So let me give a little insight into the “why” of how so many artists are starving, struggling, or otherwise not living their art. I found out the hard way to the tune of 8 years of my life and a mountain of student debt, so maybe this can spare you the trouble…

You see, I’m an artist. A genre-fiction novelist, to be exact, and I finished the first draft of my very first novel when I was seventeen and still in high school.Great! I thought. I’ll go to a school of higher education with an international reputation for writing and dedicate myself to turning my draft into a manuscript.Or maybe it was… I need to go to college to get a degree so I can get a Real Job, and while I’m there I’ll find an academic community that can help me become a better writer in the process. (No, really. I think like that…) Thus began my pursuit.

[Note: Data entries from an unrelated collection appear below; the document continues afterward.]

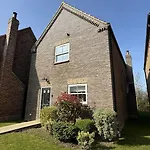 Holiday home Old And New England - Two 3 Bedroom Nearby - Part Of The The Bay Village With Pool, Gym And Direct Access, Pub, Restaurant, Tennis And Meadows Walks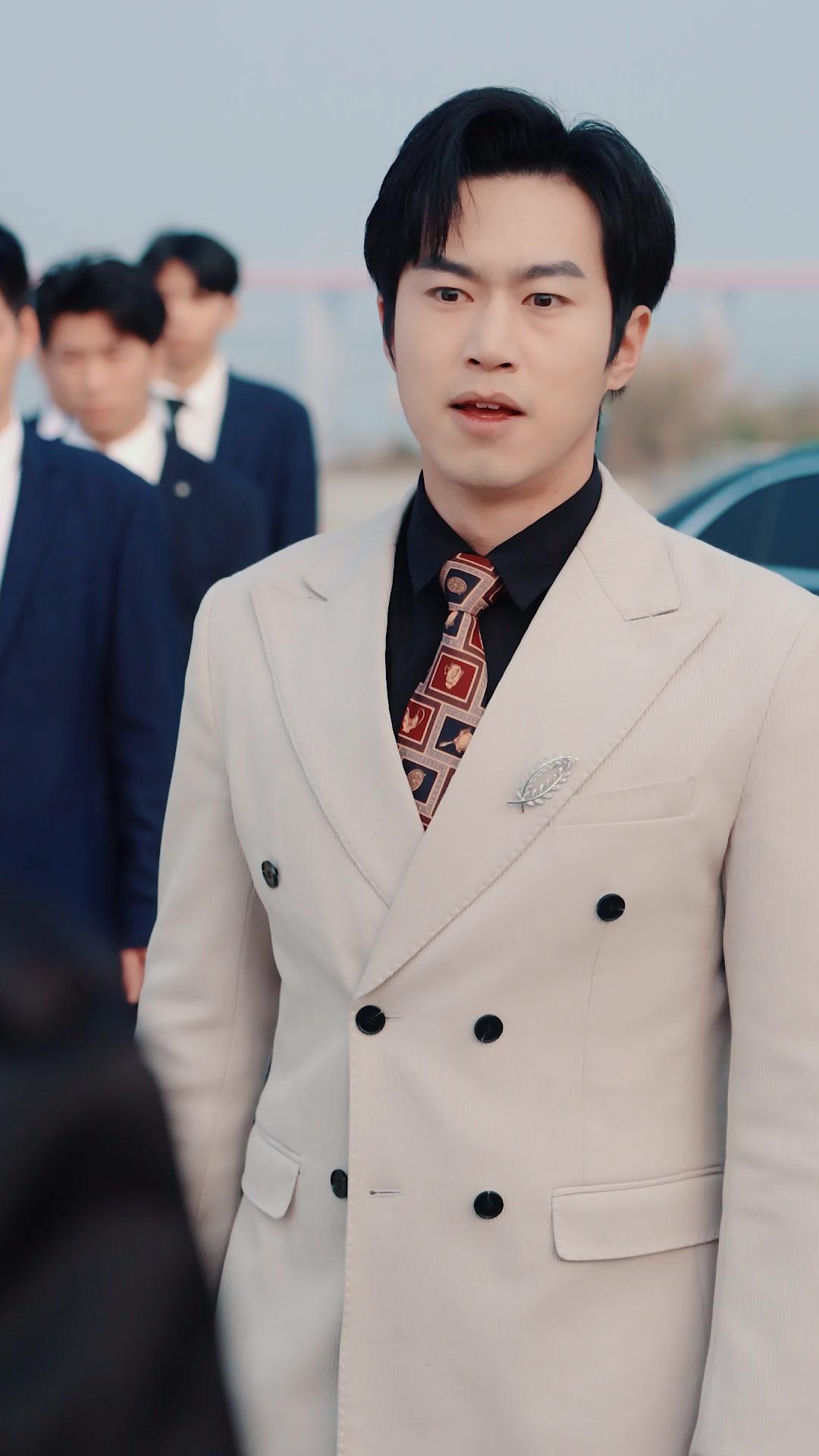 Jailed Loser? True All-Rounder God!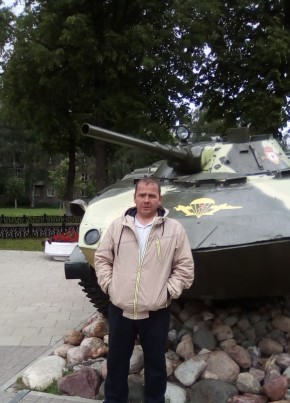 Максим, 44, Россия, Ярославль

Four years later, a few things had happened. First and foremost, I have a half finished manuscript that is “unique” and “creative”. This is not a good thing. I discovered the hard way that The University of Iowa does indeed have an amazing community of writers, but those writers have no idea what to do with a girl with a Fantasy novel in her head. It’s just too much for the beatnik poets and pulp fiction teachers. For those of you who aren’t writers, it’s pretty much a death sentence to be told by a group of creative semi-professionals that your genre fiction work is “creative”. Of course it’s creative – it’s bloody fantasy. In my genre, the entire world has come directly out of my ass and has some subtle reflections of our own world. Big surprise! (Well, it was for them…) Safe to say the first point was an incredible let down. I did, however, turn my first draft into a half finish manuscript in four years. Nicole:1, World:0.

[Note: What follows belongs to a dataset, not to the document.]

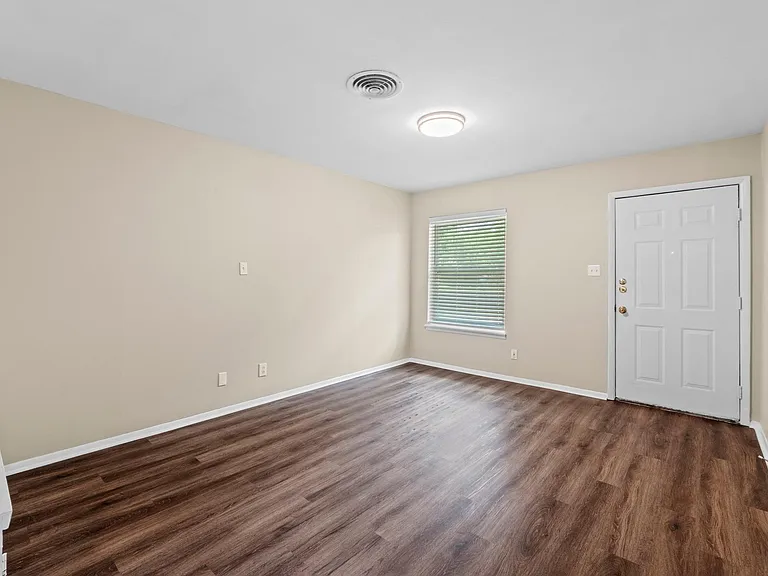 5118 Waterbrook Dr — Photo 7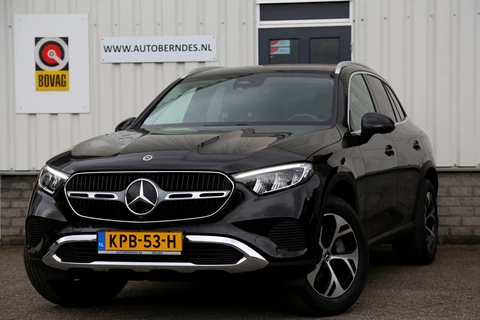 Mercedes-Benz GLC 300e 4MATIC Plug in hybride PHEV*Perfect MB Onderh.*1ste Eig.*Luchtvering/Elek. Trekhaak/ACC/Stoelverw./Stuurverw./Dodehoek/LED/Camera/Apple Carplay-Android/Parkeersens.V+A/18 inch LM*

Otherwise, I managed to pull off what I justified as “research for my novel”. I wanted to learn anything and everything I could to make the world in my head an authentic representation of a medieval world. The first thing I got was my English BA while only taking two classes before the 1500s (Milton and Shakespeare) and the second was… well, something of a let down. I ended up two semester hours away from having my Latin Degree. They took it away two weeks before I graduated because they belatedly decided that I wouldn’t be grandfathered in to the new degree program. Fuckers. Instead I left Iowa with a Latin minor, an Ancient Civilizations minor, and a Certificate in Medieval Studies. Still incredibly useful for my book – not so useful for my Real Job pursuits. The idea was to find a publishing house that would take me in as an admin or an assistant editor and enjoy my life in publishing as I worked to publish my own things. I wanted to help other artists if it was the end of me.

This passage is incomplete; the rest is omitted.